At first glance, it doesn’t look like such a dumb idea. Nobody except perhaps the Taliban is against sport. It undeniably brings people from different countries together. When the Pakistani cricket team visited India this year, the country’s president, Pervez Musharraf, went to watch, met India’s prime minister Manmohan Singh and agreed with him to open the militarized Kashmiri frontier. The leaders also said peace was “irreversible”. This was much better than nuclear war. Ogi asks: “Who opened the doors? The sportsmen! How did they do it? They played cricket.”

Indeed, India-Pakistan matches often reveal the friendship between ordinary people. When the Pakistanis won in Chennai once, they ran a lap of honour to an ovation from the Indian crowd. In Karachi last year, the Pakistani fans applauded India’s last-ball victory. Clearly George Orwell was wrong to say “sport is an unfailing cause of ill-will”.

On the other hand, occasionally it does cause ill-will. In one India-Pakistan match, Indian spectators pelted Pakistani fielders with stones. At another, Hindu nationalists distributed handbills claiming that Indian Muslims had been cheering for Pakistan.

Every now and then sport does marginal good or harm, but most of the time it makes no difference whatsoever. Sport may make ordinary people more friendly to the people across the frontier, but then wars are rarely caused by xenophobia among ordinary people. Famously, there has never been a war between two democracies. It’s dictators, warlords and senior bureaucrats who tend to fight wars and they don’t care much what ordinary people think.

Such arguments don’t deter Ogi. The man is so persuasive that he has convinced the world economic forum in Davos to host a session on sport next January. He fishes out a newspaper cutting about the two Koreas’ plans to field a joint Olympic team in 2008. “Here sport contributed significantly,” he insists. But surely if North Korea’s “Dear Leader” Kim Jong-il were the type of guy to be dissuaded from nuclear war by a sports team, the peninsula wouldn’t be in the mess it’s in. In any case, the Yugoslavs fielded united national teams for decades before chopping each other to bits. I asked Ogi why he thought the 20th century, which saw the rise of international sport, was the bloodiest century ever. “It’s a paradox,” he admitted.

However, his dream goes beyond peace. Ogi also believes that sport creates better people. “Sport is the best school of life,” he said in Zurich. “I learn to win without thinking I’m the best. I learn to lose without thinking that’s the end. I learn discipline. I learn rules.” But if sport is good for you, that doesn’t explain all the sportsmen who cheat, fight, get drunk, assault women or indeed kill civilians in war.

Nothing discourages Ogi. He finishes with his trump card – his account of seeing footballs being given to children in African refugee camps. “These kids are often traumatized. But when they play sport, they forget everything. There is no vaccination, no medicine that has the same effect. I’ve seen what it does – I have saved the pictures in my head,” he says.

And here he is surely right – playing sport makes people happier.
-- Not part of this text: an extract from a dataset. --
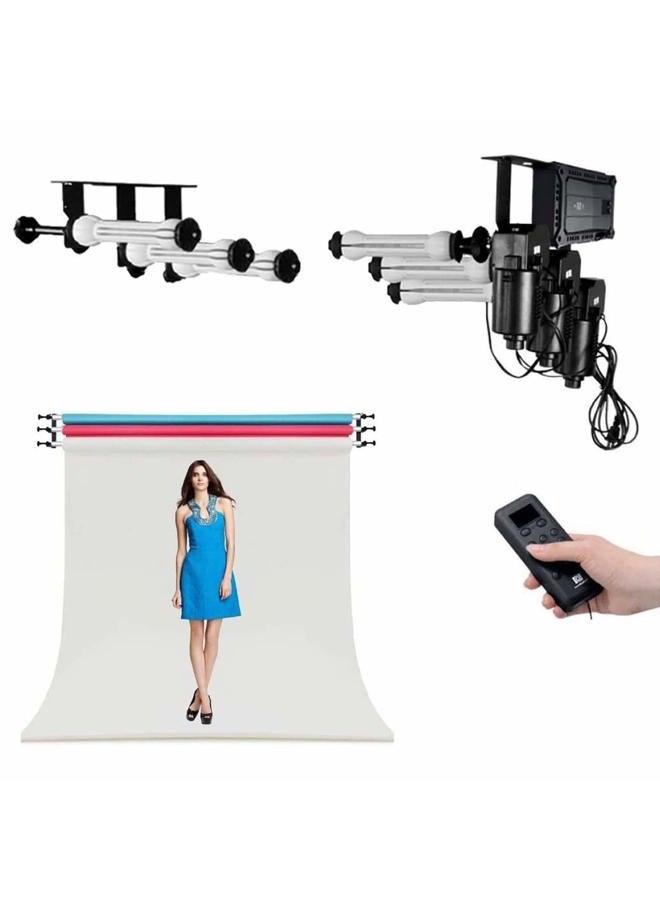 Fotoconic 3 Roller Motorized Electric Wall Ceiling Mount Background Support System with Remote - Image 1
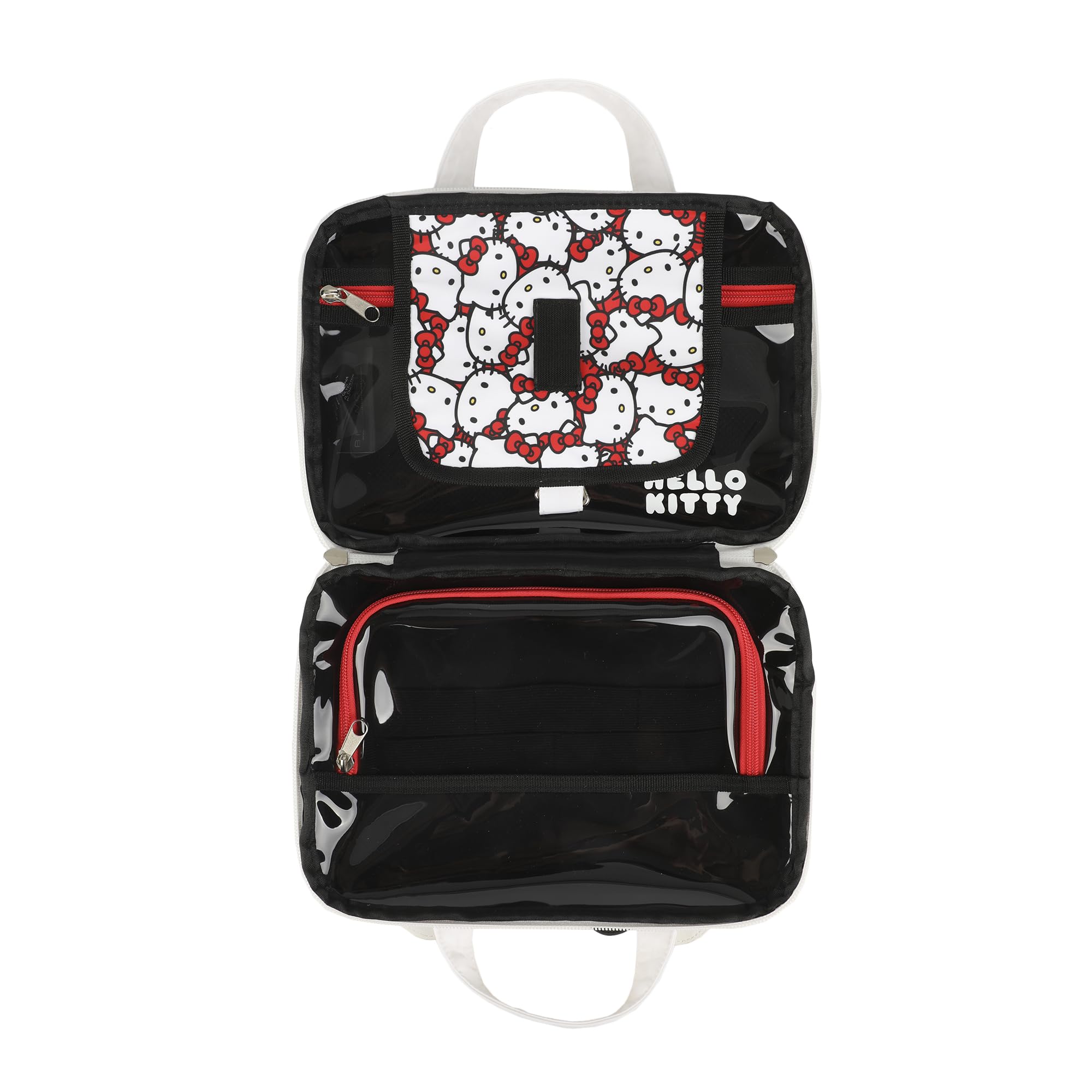 Hello Kitty Foldable Hanging Toiletry Bag for Travel - 3D Bow Cosmetic Organizer | Perfect for Vacation, Gym & College Dorm Organization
I saw it once in Khayelitsha, a township outside Cape Town. About 200 kids had gathered in a meadow, where a man from sporting goods company Adidas explained that it had been decided in Germany to give them 98 footballs. The children applauded, some by slapping themselves on the cheek. Then they leaped 20 at a time on the baskets of balls, chased around the meadow after them, going completely crazy. For survivors of genocide stuck in a camp for years with nothing to do, footballs could be even more important. A decent ball – made, perhaps, in Pakistan – costs about $10. It can make dozens of kids happy for weeks before it bursts. It’s not world peace, but it’s something.